Visualisation over Longer Periods
Less detailed but more comprehensive visualisations can be obtained by aggregating data over longer time intervals. The visualisation below (same format as above) corresponds to the last 5 weeks of Rhizo15. It involves posts from 49 blogs and 148 blog authors and commenters.
The concentration of the most active bloggers and commenters in the central part of the network and the extent of their connections with each other and with the wider network is very evident. Less connected blogs are located on the periphery and several connect with different clusters of commenters who have no other connections. The four disconnected nodes on the left represent blogs with new posts but without outgoing or incoming comments during the time interval.
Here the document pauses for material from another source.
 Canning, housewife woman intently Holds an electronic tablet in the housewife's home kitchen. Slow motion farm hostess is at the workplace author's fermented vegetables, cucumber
My interest in the visualisation of connectivist networks has mainly been in the programming and the creation of objective data that could throw some light on how such networks form and develop. The visualisations above are examples of what might be achieved but are not definitive in any way. Features such as the number of connections per blog or the the number of comments connecting a commenter to the same blog could be visualised differently, or maybe not at all in favour of other more meaningful measures. How visualisations should be presented and interpreted depends on many factors and I’ve only begun to look at Social Network Analysis. I did try a modularity program available in Gephi that attempts to separate the nodes of a network into distinct communities – with little success suggesting that Rhizo15 is a good example of a well-distributed connectivist network!
There are certainly dangers of jumping to highly subjective or even judgemental conclusions when it comes to interpreting blog and comment visualisation. For example, bloggers who are unresponsive to comments on their own posts are not necessarily being inconsiderate. Receiving no comments on a post is not necessarily a reflection on its quality or content. There are also wider issues concerning privacy. Although the underlying data is publicly available, detailed revelations about the posting and commenting habits of MOOC participants could be considered inappropriate and tantamount to snooping. This is one reason why participants’ names in the rhizo15 visualisations were anonymised (although I’ll supply any interested participants with their own number on request).
Are blog and comment visualisations useful? There are definite possibilities for research in conjunction with visualisation software such as Gephi. If privacy concerns are properly addressed then visualisation might also have a part to play during a MOOC but exactly how and in what form is an open question – comments and suggestions are welcome!